任意後見制度を利用する①

解脱7月号 連載 スマート・エイジングのすすめ 第19回

解脱会_7月号_掲載任意後見契約とは何か?

任意後見契約とは、認知症などで判断能力が不十分になった本人に代わって、あらかじめ本人が選んだ「後見人(任意後見人)」に財産の管理や介護の手配などの判断を伴う行為を委任する契約です。2000年4月に介護保険制度と同時にスタートした「成年後見制度」の一つである「任意後見制度」に基づく契約です。

成年後見制度は、裁判所の手続きにより後見人等を選任してもらう「法定後見制度」と、当事者間の契約によって後見人を選ぶ「任意後見制度」に分かれます。

法定後見制度は、判断能力がすでに失われたか、または不十分な状態になり、自分で後見人等を選ぶことが困難になった場合に利用されるものです。これに対して、任意後見制度は、まだ判断能力が正常である人、または衰えたとしてもその程度が軽く、自分で後見人を選ぶ能力を持っている人が利用する制度です。

任意後見契約書は、「任意後見契約に関する法律」により、公正証書で必ず作成する決まりになっています。

なぜ、成年後見制度が必要なのか?

高齢期になると認知症を発症する確率が上がります。認知症が発症し、進行すると、自分の行為を認知する能力が低下し、財布や預金通帳の保管場所を忘れたり、何度も何度も預金を下ろしたりというようなことが起こるようになります。

こうした状態になると、悪徳業者に高額な着物や羽毛布団を売りつけられたり、不要なシロアリ駆除やリフォーム工事への申し込みをさせられたり、振り込め詐欺に騙されたりして、大切な老後の生活資金を失ってしまう危険が大きくなります。

一方、認知症が進行した高齢者には、介護保険を使うことを拒み、長期間風呂に入らなかったり、部屋中がゴミの山になっていたりする人も見られます。もちろん、本人はそれを不快に思っていません。というより、自分の行為が自身で認知できなくなっているのです。

このように認知能力が低下すると、自分で財産管理ができなくなってしまうだけでなく、自分がどんな介護を受けて、どんな生活をするのかを判断することもできなくなってしまいます。こうした状態になった人の財産や人権を守るために整備されたのが成年後見制度なのです。

後見人に頼めること、頼めないこと

「任意後見契約に関する法律」によれば、任意後見人に頼めるのは、依頼人本人である委任者の「財産管理」と「介護や生活面の手配」です。具体的な委任業務内容は、任意後見契約書の「代理権目録」に記載します。

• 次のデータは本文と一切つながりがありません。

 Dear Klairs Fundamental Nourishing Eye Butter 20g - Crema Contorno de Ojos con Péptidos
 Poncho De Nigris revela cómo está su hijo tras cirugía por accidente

一方、任意後見人に頼めないのは、(1)委任者への介護行為、(2)保証人の引き受け、(3)委任者への医療行為の同意、とされています。(1)については、任意後見人は、介護の手配や契約を結ぶ義務はありますが、自ら委任者の介護を担う義務はありません。

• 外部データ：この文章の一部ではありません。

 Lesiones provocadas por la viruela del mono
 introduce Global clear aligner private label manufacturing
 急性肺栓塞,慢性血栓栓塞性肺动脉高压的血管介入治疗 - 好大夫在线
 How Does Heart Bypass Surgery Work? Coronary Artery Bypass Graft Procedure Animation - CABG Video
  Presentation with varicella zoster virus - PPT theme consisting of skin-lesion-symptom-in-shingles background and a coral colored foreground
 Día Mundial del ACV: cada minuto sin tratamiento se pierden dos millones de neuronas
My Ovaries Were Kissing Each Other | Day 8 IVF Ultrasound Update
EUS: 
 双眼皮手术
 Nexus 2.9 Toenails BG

任意後見契約には、(1)移行型、(2)将来型、(3)即効型、の三種類がありますが、(1)の「移行型」が望ましいです。これは、別途詳細を説明する「財産管理等委任契約」とセットで任意後見契約を結ぶ方法です。

任意後見人契約書の作成は、前述のとおり公正証書で行ないます。契約を結ぶときの費用は、公証役場に払う費用を含めて通常2万5千円から3万円程度かかります。また、契約書の作成を弁護士などの専門家に依頼すると、その分別途費用がかかります。任意後見人への報酬は、契約が発効になってから発生します。その金額は、専門家へ依頼する場合、月額3万円から5万円程度が最も多いようです。